I’m trying to convert raw postgres-SQL into sqlalchemy which uses a count and filter
SELECT
(
SELECT
COUNT(user_model.uuid)
FILTER ( WHERE email_vector @@ parse_websearch('search term'))
) AS email_vector,
(
SELECT
COUNT(user_model.uuid)
FILTER ( WHERE first_name_vector @@ parse_websearch('search term'))
) AS first_name_vector,
FROM
user_model
WHERE
(user_model.uuid = '20d7c90d-ebfa-4b04-9ee7-4fdedabc6c0b' AND all_vectors @@ parse_websearch('search term') )
This works great and is very fast (sub 100ms – even when filtering 20 fields)
I’ve written the sqlalchemy as (simplified)
search_query = []
search_vectors = [ email_vector, first_name_vector]
search_vector_names = [ 'email_vector', 'first_name_vector' ]
for search_vector, search_vector_name in zip(search_vectors, search_vector_names):
search_query.append(sa.sql.select(
sa.func.count(user_model.uuid))
.filter(search_vector.op('@@')
(sa.func.parse_websearch(search_term)))
.label(search_vector_name)
)
base_query = db.session.query(*search_query)
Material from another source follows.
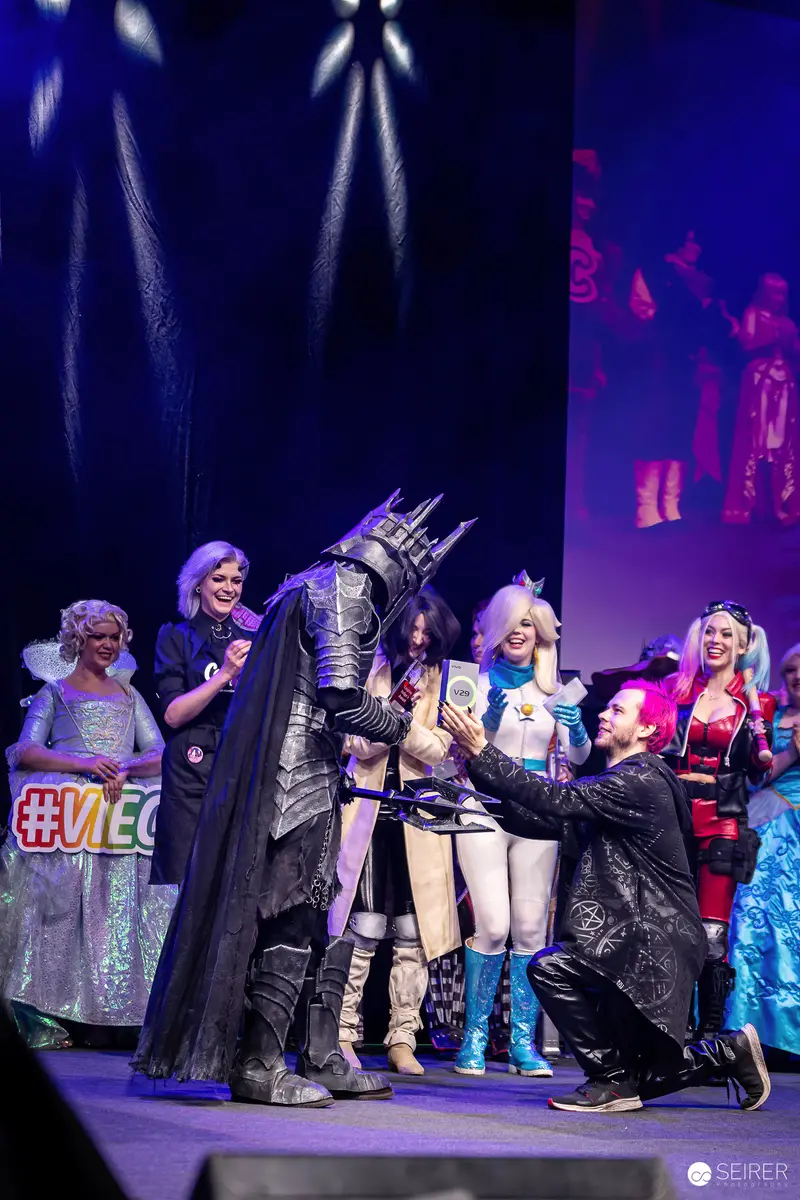 Cosplayer Kneels Before Armoured Lich King on VIECC Vienna Comic Con Contest Stage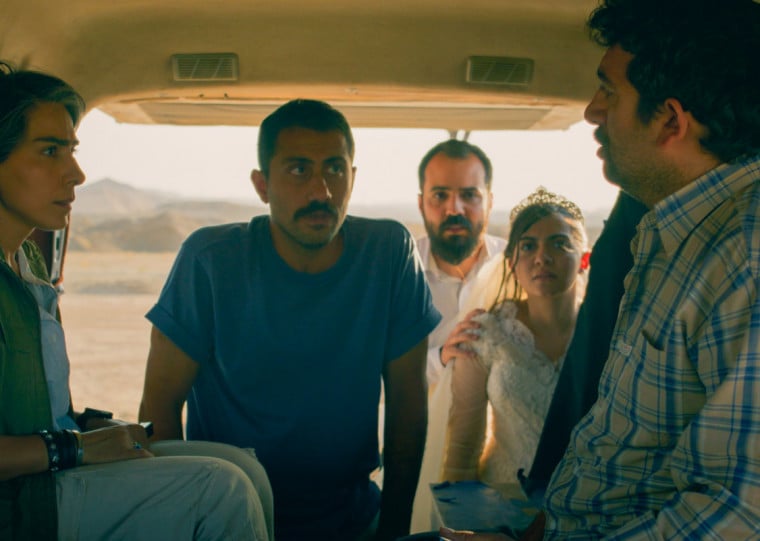 Filmes como 'Foi Apenas um Acidente', de Jafar Panahi, são aclamados em festivais, coincidindo com tensões globais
base_query = base_query.filter(user_model.uuid==user_uuid)
base_query = query.filter(search_vector.op('@@')(sa.func.parse_websearch(search_term))
This produces the following SQL
SELECT (
SELECT count(user_model.uuid) AS count_1
FROM user_model
WHERE user_model.email_vector @@ parse_websearch(%(parse_websearch_1)s)) AS email_vector,
(SELECT count(user_model.uuid) AS count_2
FROM user_model
WHERE user_model.first_name_vector @@ parse_websearch(%(parse_websearch_2)s)) AS first_name_vector,
WHERE user_model.uuid = %(uuid_1)s AND (user_model.all_vectors @@ parse_websearch(%(parse_websearch_30)s))
This works but is quite slow (+1 second). I’m not sure why it’s so slow or how to do a filter query on the sub queries.
I suspect the COUNT is being performed on each sub query where the SQL uses the filtered results from the final WHERE condition, but I’m not totally sure and I can’t find any reference to filter (which I think it shorthand for CASE?) in the sqlalchemy docs. I’ve tried adding .filter(user_model.uuid==uuid)
to the COUNT SQL but it is still slow.
Would anyone be able to offer an insight into what I’m missing?
Advertisement
Answer
I eventually did this using CASE
case_stmt = sa.case(
[
(
full_text_search_vector.op('@@')
(sa.func.parse_websearch(last_search_term)),1
)
]
).label(col_name)
query.append(case_stmt)
base_query = db.session.query(*query)